As 2015 heads towards the final month of trading, it has been a seesaw year for investors. The Federal Reserve also seems as though they are looking to start raising interest rates in December. It will be important to stay with technology companies that hold an edge in their respective silos. In a new research report from RBC, the technical team is focused on companies that can remain leaders next year when the markets face headwinds that could slow some companies down.
The RBC technical analysts make the case that the long-term uptrend for the S&P 500 should remain intact. However, they are quick to note that the bears would argue 2015 is a cycle peak, and with the big sell-off in August and September breaking the 5 year uptrend, some downside in 2016 is possible. They highlight four companies that could continue strong performance next year, and note that any weakness early in the year, may offer solid entry points.
This is a high profile old-school software company that makes sense for growth accounts. Adobe Systems Incorporated, Inc. (NASDAQ: ADBE) operates in three segments: Digital Media, Digital Marketing, and Print and Publishing. The Digital Media segment provides tools and solutions that enable individuals, small and medium businesses, and enterprises to create, publish, promote, and monetize their digital content.
The Digital Marketing segment offers solutions for how digital advertising and marketing are created, managed, executed, measured, and optimized. This segment provides analytics, social marketing, targeting, media optimization, digital experience management, and cross-channel campaign management solutions, as well as video delivery and monetization to digital marketers, advertisers, publishers, merchandisers, Web analysts, chief marketing officers, chief information officers, and chief revenue officers.
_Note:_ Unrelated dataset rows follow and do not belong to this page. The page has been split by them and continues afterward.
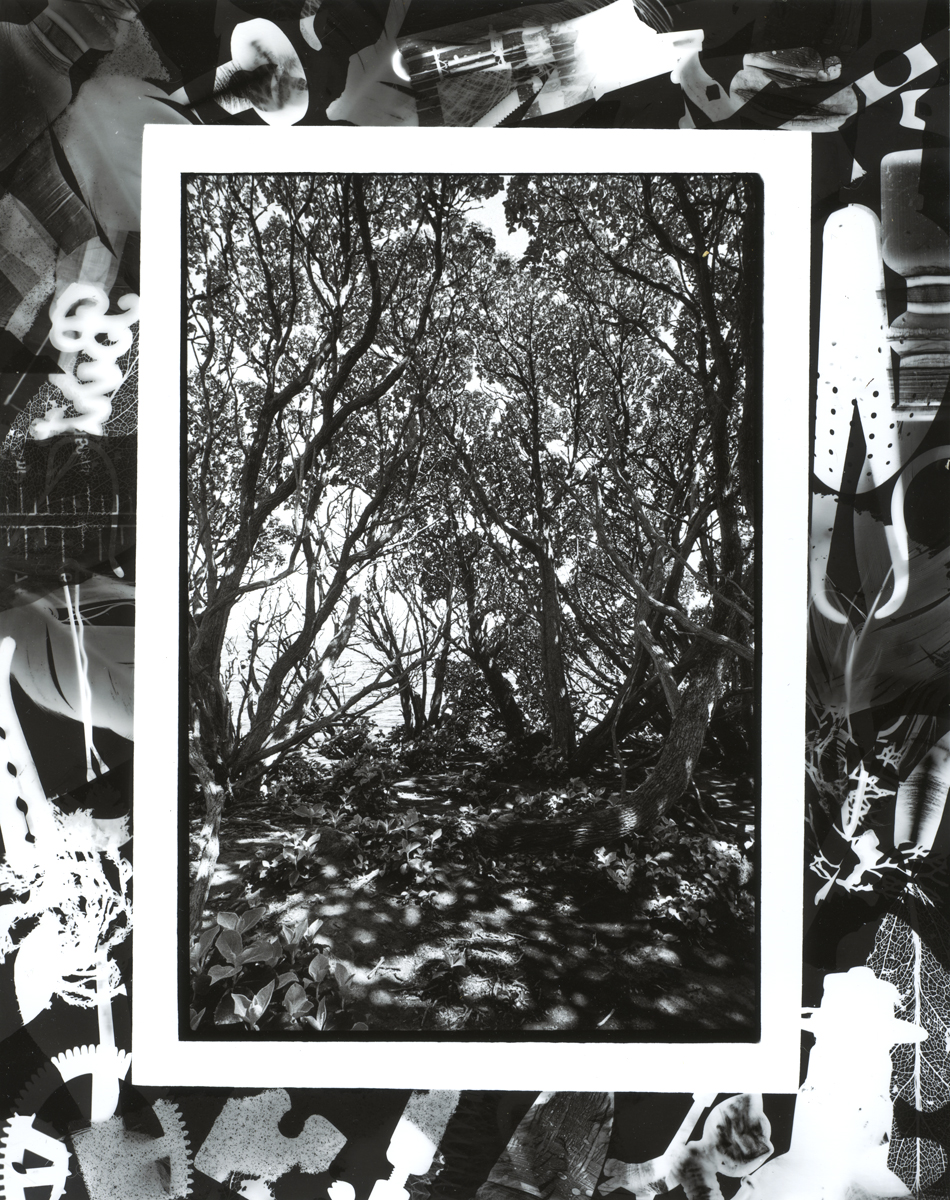 Lloyd Godman, Olearia Forest, Ewing Island
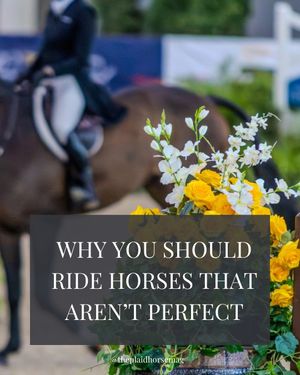 Image post by @theplaidhorsemag on Instagram
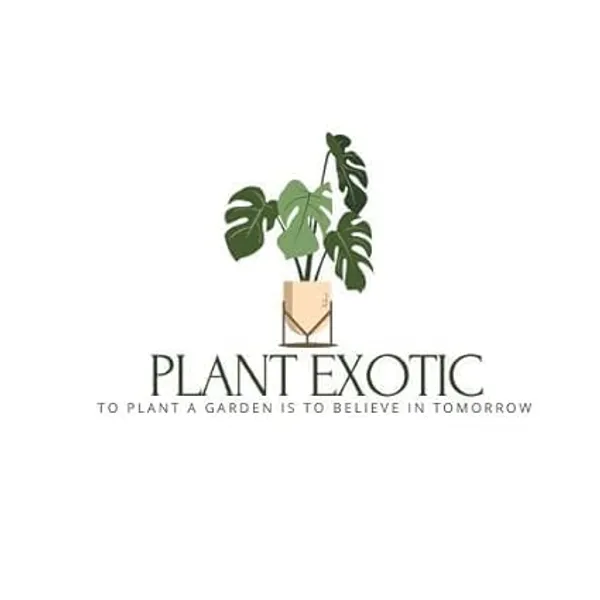 Lemon_Fruit_Plant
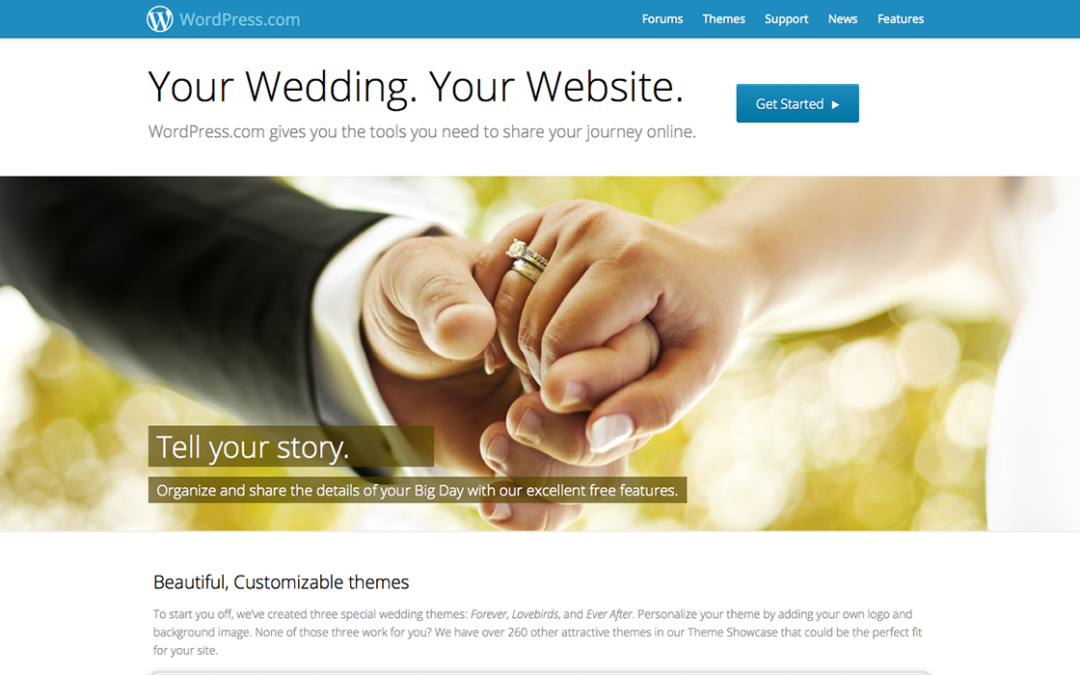 Wedding Website a great idea!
The Print and Publishing segment offers products and services, such as eLearning solutions, technical document publishing, Web application development, and high-end printing, as well as publishing needs of technical and business, and original equipment manufacturers (OEMs) printing businesses.
Adobe is also reasonably safe route for investors looking to own a company with Marketing Automation product, which has become huge. The Thomson/First Call consensus price target for the stock is set at $92.52. Shares closed on Friday at $91.81.
This industry giant is gaining business from Cisco, and others could be added soon. Amphenol Corporation (NYSE: APH) is one of the top picks this year at RBC, and the analysts see the company benefitting from the Cisco strength as about 4% of total sales are to Cisco.
Amphenol is one of the world’s largest designers, manufacturers and marketers of electrical, electronic and fiber optic connectors, interconnect systems, antennas, sensors and sensor-based products and coaxial and high-speed specialty cable. Amphenol designs, manufactures and assembles its products at facilities in the Americas, Europe, Asia, Australia and Africa and sells its products through its own global sales force, independent representatives and a global network of electronics distributors.